The first time I remembered my mother talking about clothes was when I was ten years old and we went shopping together. Normally, I would go with my father, when he was in town, or one of my mother’s smooth-faced assistants. I picked whatever I liked, without consultation, and they paid. Sometimes, if I was in Yorkshire, I went with my friend, Christie Horley, the Honourable Miss Christie, whose purse was held by her nanny, or, on rare occasions, her older sister. At those times Christie and I picked things for each other, commented rudely on each other’s choices, laughed, tried on something else. On the day I went with my mother to the designer boutique of a London department store to find a jacket, I wasn’t sure who was supposed to choose. I would lift a hanger from the rail, hold the jacket against myself, and look at my mother. She would nod in her noncommittal diplomat’s way: I acknowledge the jacket. I got more and more restless; I was doing something wrong, but I didn’t know what, or what to do about it. Looking back, she probably had no more idea of how to go mother-daughter shopping than I did, and neither of us was capable of simply asking the other for opinions or suggestions: asking made one vulnerable. Eventually, after about fifteen jackets, clumsy with self-consciousness and embarrassment, I tried to jam the hanger back on the wrong rail, which was full, and the jacket fell on the floor. I wanted her to hold out her arms, I wanted to run away and cry, I wanted to kill something. “This is a stupid shop and I don’t want a stupid jacket!” She nodded, picked up her purse, and said,
With clothes, err on the side of elegance: rich but simple, in color, cut, and cloth.
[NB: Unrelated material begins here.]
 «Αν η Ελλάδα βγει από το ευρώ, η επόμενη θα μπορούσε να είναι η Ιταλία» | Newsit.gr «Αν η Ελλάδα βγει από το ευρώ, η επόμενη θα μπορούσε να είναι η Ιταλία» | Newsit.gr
I nodded as though I understood, and she stood, and we left. We went to a tea shop and drank coffee.
What we wear sends a message,
she said, as though we’d been having a continuous discussion on the matter.
It broadcasts our confidence, our means, our taste. You can insult a host by underdressing, and hurt a friend by overdressing. If in doubt, choose simple style and top-quality cloth. Casual elegance.
It was useful advice, but I had gone home that day without a jacket, and I never went shopping with my mother again.
I wondered, as I pulled on a sleek, forest green silk-and-cashmere turtleneck, beautifully cut lamb’s wool skirt, and four-hundred-dollar boots, if my mother had any friends. It was difficult to picture her at a party other than a polished diplomatic function. No nightclubs, or walking tours of the Mediterranean, or weekends in wine country. I couldn’t imagine where she had met Eric. I remembered the photo of her, laughing. Perhaps a charity hacking event. Did they shop together? For what kind of clothes?